● **WORK INSTRUCTIONS**: Set down the data again in full, keeping every line exactly as it is.

● **PROVIDED MATERIAL**:
--- START ---
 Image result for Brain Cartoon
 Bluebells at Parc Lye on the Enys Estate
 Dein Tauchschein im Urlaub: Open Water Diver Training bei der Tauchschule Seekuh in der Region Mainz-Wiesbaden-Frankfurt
--- END ---
● **WORKED SOLUTION**:
 Image result for Brain Cartoon
 Bluebells at Parc Lye on the Enys Estate
 Dein Tauchschein im Urlaub: Open Water Diver Training bei der Tauchschule Seekuh in der Region Mainz-Wiesbaden-Frankfurt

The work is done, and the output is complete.